Perhaps you've missed my point. The notion that an action is immoral but right is verging on contradictory. (There are arguments to the contrary: say, dirty hands arguments; or the sorts of arguments that Raymond Geuss runs in Outside Ethics; but you are not running such arguments.)
What do you mean by "good reason"?
And for that matter, what do you mean by "evil act"?
Evil Act - Any act which, in isolation, would be considered immoral, ex. killing someone in cold-blood, intentionally inflicting excessive harm on another person.
Good Reason - Any rationale that the good being achieved justifies committing an Evil Act.
This is part of what I'm talking about when I say an Evil action can be right, the action being taken is evil but it's for good reasons. The other part is where the action may not be morally justified but is none-the-less correct. For example if a group of characters has taken an enemy prisoner who's bothered them for some time and decides that if they take him in he'll just escape and come back to pester them again, so they just kill him.
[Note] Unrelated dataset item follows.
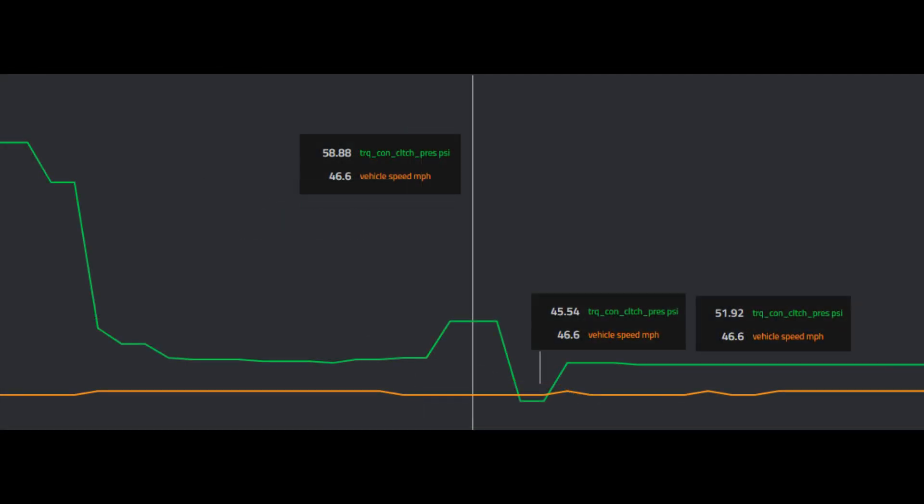Another question that gets asked: does the converter unlock during a shift? Looking at the data, you can see the converter clutch pressure spikes up to about 60 pounds, then drops, and then comes back up — that's in the middle of a shift. So it spikes the pressure a little bit, pulls pressure down to about 45 PSI during the shift, and then brings it back up to about 52. Some OEMs call this lock-to-lock shifting or direct shifting. The converter does not fully unlock during the shifts — it spikes pressure, pulls it back, then reapplies, but it doesn't try to achieve a full unlock, and that's what helps contribute to some of the quick shifts these can do.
Of course anyone agrees that the world would be a better place if no one ever had to kill in self-defence. In that sense, killing in self-defence is a necessary evil. But that doesn't mean that a soldier (or, in D&D, a paladin) is doing something evil when s/he kills in self-defence. On standard, non-pacifistic analyses of defensive violence, s/he does something justifiable - the balance of reasons favours killing, because the perpetrator of the threat has forfeited his/her right not to be killed.
In the standard terminology of criminal law, self-defence is a justification, not a mere excuse, for perpetrating violence. There is no evidence at all that D&D departs from this standard approach at all, given how central defensive violence is to the standard tropes of fantasy fiction (and genre fiction more generally).
When have I ever suggested that killing in self defense, or even in combat, is evil. Every example I've given of evil kills have been a character, after calm deliberation, choosing to kill a bound and helpless prisoner.